Beyond specific clinical trials, patients with metastatic disease receive similar therapy to that administered for localized disease, with appropriate local treatment of metastases, usually radiotherapy. Certain studies have suggested benefit from intensive chemotherapy followed by autologous stem cell rescue, but randomized trials have not yet been performed and the benefit of stem cell transplant remains unproven. Patients with recurrent disease fare poorly, with 5-year survival rates of less than 20% (11). Current studies show that, following achieving remission in patients with non-metastatic ES, 30–40% of these patients are likely to develop recurrence of local or metastatic disease (13). The majority of these studies report a time range of 2–10 years between commencing treatment and development of recurrence (14).

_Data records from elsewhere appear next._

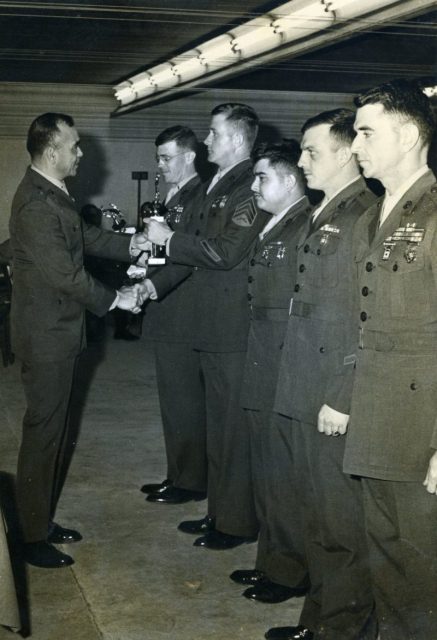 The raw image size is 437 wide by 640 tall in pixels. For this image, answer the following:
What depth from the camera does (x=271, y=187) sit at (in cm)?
299

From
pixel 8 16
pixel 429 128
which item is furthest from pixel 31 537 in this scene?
pixel 8 16

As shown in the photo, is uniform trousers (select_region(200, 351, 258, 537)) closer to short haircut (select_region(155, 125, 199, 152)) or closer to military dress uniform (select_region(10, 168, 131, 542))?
military dress uniform (select_region(10, 168, 131, 542))

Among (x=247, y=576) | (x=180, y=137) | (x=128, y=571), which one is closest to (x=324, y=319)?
(x=247, y=576)

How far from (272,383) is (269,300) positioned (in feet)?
0.97

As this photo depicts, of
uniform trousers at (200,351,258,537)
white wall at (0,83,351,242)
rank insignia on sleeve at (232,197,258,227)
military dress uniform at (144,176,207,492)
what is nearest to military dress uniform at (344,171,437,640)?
rank insignia on sleeve at (232,197,258,227)

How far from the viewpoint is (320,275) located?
2.54 metres

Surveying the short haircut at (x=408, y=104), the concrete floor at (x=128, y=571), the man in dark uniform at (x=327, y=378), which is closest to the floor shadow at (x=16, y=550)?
the concrete floor at (x=128, y=571)

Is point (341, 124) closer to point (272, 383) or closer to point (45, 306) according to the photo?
point (272, 383)

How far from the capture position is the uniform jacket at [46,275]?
3.30m

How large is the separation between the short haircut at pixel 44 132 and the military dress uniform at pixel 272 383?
960mm

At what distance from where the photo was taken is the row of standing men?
218cm

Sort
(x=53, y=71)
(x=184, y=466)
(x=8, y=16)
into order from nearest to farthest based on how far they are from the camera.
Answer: (x=184, y=466)
(x=8, y=16)
(x=53, y=71)

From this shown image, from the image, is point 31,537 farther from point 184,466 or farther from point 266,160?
point 266,160

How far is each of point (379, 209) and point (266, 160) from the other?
31.6 inches
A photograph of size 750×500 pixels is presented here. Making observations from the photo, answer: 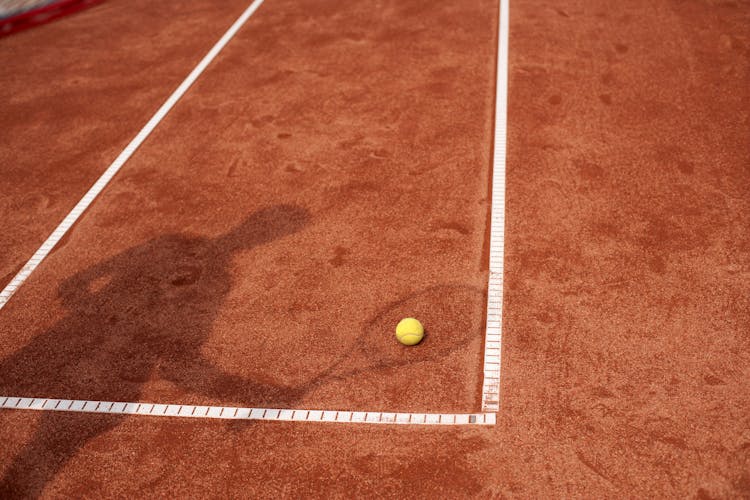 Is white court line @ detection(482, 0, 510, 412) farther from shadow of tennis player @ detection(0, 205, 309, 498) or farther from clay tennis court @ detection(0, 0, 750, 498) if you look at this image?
shadow of tennis player @ detection(0, 205, 309, 498)

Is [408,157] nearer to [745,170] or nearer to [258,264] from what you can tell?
[258,264]

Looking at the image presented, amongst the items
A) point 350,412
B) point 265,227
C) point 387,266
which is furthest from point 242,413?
point 265,227

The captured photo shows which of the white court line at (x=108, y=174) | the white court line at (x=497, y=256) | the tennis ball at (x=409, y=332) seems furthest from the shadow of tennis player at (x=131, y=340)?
the white court line at (x=497, y=256)

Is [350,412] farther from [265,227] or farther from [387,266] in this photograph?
[265,227]

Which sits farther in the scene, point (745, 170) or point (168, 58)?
point (168, 58)

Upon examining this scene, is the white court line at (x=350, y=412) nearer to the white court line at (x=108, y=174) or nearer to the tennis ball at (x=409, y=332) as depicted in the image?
A: the white court line at (x=108, y=174)

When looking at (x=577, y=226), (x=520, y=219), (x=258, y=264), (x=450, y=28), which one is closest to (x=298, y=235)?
(x=258, y=264) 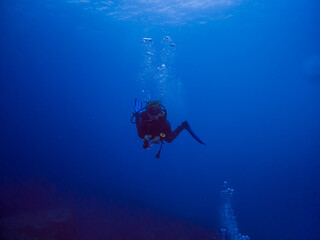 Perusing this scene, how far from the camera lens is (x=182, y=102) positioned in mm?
72562

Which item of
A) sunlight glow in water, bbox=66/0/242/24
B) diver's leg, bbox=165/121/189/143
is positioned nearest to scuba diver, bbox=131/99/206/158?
diver's leg, bbox=165/121/189/143

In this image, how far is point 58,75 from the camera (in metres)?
59.4

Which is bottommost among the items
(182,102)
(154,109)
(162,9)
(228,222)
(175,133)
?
(154,109)

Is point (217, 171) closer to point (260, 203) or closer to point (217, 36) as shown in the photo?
point (260, 203)

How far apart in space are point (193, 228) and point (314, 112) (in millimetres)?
51700

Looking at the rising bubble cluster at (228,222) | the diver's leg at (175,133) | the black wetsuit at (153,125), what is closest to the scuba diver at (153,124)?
the black wetsuit at (153,125)

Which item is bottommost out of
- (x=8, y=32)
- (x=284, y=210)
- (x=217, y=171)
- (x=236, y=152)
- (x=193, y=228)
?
(x=193, y=228)

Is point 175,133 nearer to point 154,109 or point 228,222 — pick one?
point 154,109

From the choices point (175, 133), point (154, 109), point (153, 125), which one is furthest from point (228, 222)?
point (154, 109)

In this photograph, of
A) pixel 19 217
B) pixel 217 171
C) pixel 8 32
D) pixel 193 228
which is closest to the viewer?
pixel 19 217

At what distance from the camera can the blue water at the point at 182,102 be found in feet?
70.4

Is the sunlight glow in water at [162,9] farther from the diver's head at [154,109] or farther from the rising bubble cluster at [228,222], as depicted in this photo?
the rising bubble cluster at [228,222]

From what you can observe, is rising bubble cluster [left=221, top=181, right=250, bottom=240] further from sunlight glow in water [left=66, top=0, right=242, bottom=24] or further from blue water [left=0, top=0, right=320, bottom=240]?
sunlight glow in water [left=66, top=0, right=242, bottom=24]

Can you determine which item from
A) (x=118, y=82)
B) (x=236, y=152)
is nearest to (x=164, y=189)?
(x=236, y=152)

Patients relapsing later than 2 years from initial diagnosis have more favorable outcomes (11).
This case report raises the importance of early metastasis in a treatment-responsive patient. According to current guidelines, initial work-up for staging in a non-metastatic ES is followed by reassessment of treatment response after 3–6 treatment cycles using focal PET-CT. In treatment responsive ES, local therapy is followed by additional chemotherapy. A surveillance follow-up imaging every 2–3 months for the first three years is recommended for localized, non-metastatic ES. The current case has demonstrated complex issues with localized pelvic ES in an older patient who initially responded well to chemo-radiation therapy, with complete resolution of the tumor. Despite adequate control of the local disease, multimodal therapy did not appear to affect metastasis. Although sarcomas are notorious for metastasis into lungs and bone, the utility of PET-CT and MRI for detecting subclinical recurrence or metastases has not been established during the treatment period. Only the primary site is evaluated by imaging for treatment response 10–12 weeks in to therapy.
In patients with lung metastases, the resection of residual metastases after chemotherapy, and whole lung irradiation, may grant a survival advantage (11). Most intensive therapies with additional agents have failed to markedly increase long-term survival in patients with metastatic disease. The impact of chemotherapy on metastasis of ES patients over the age of 30 remains to be elucidated. A recent intergroup study suggested that the addition of IE to traditional regimens may confer a local control benefit (15). Similar effects, with the addition of IE on survival benefit, have also been reported by another randomized trial among patients with non-metastatic pelvic ES (6).
At present, patients should be offered participation in a clinical trial when available. Barring trial participation, multimodality therapy, as described above is recommended.